On Mon, Jun 6, 2022 at 2:12 AM Stefan Monnier <monnier@iro.umontreal.ca> wrote:

Trampolines are needed for any native-compiled function which
gets redefined.  We could try to build them eagerly when the
native-compiled function is compiled, and there could be various other
ways to handle this.  There's room for improvement here, but the current
system works well enough for a first version.

Yes, I agree.  As I wrote in the initial email, my questions are primarily 
curiosity about how the new capability can be further exploited.  When I'm not 
loading the build down with a ridiculous number of packages, it performs very well.
 
> True, but it does lead to a little more disappointment when that 2.5-5x
> speedup is dominated by the load-path length while starting up.

I don't know where you got that 2.5-5x expectation, but native
compilation will often result in "no speed up at all".

That's a good question - it was one of the articles I read when I first learned 
about this new capability.  It was in the context of overall emacs performance 
with the feature enabled, rather than any particular piece of code.
  
> Sorry, no.  I meant I'm curious if having them in the user's cache versus
> the system ELN cache would make any difference in start-up time, ignoring
> the initial async native compilation.  In particular whether the checksum
> calculation is bypassed in one case but not the other (by keeping a
> permanent mapping from the system load-path to the system cache, say).

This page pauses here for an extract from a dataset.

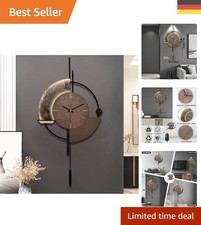 Elegante Pendeluhr in Braun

No, I don't think it should make any difference in this respect.

> I'm guessing the native compiled code is making the GC's performance a more
> noticeable chunk of overhead.

Indeed, the GC is the same and the native compiler does not make many
efforts to reduce memory allocations, so fraction of time spent in GC
tends to increase.

> I'd really love to see something like Chromium's concurrent gc
> integrated into Emacs.

Our GC is in serious need of improvement, yes.  Bolting some existing GC
onto Emacs won't be easy, tho.

Chromium came to mind primarily because I've been tracking V8's refactoring 
of the "Oilpan" gc for use as a stand-alone collector for other projects I'm interested in.
Though I believe V8 uses a type-tagging system treated specially by the collector separately
from the C++ classes managed by the stand-alone collector.  That's the piece I think would
be adapted for lisp GC, with the added benefit of offering integrated GC for types using the
cppgc interface for additional modules.

I did see a thread in the archives of emacs-devel that someone hacked spider monkey's
collector a few years ago (2017 I believe) into emacs as a proof of concept. My very cursory
inspection of the memory allocation bits of the emacs core give me the impression the abstraction
boundaries set by the simple interface are not rampantly violated.  I would hope that at this
point adapting the V8 (or similar) collector would be more straightforward than that effort was.

I'm also not sure whether code derived from V8 would be eligible for incorporation into emacs directly, given
the legal requirements for explicit copyright assignment.  Maybe the best bet would be to define a 
rigorous interface and allow alternative GC implementations to be plugged in.  That would make it easier
to experiment with alternative garbage collectors more generally,  which would probably be a general positive
if you were looking to improve that part of the system in general while maintaining the current safe implementation.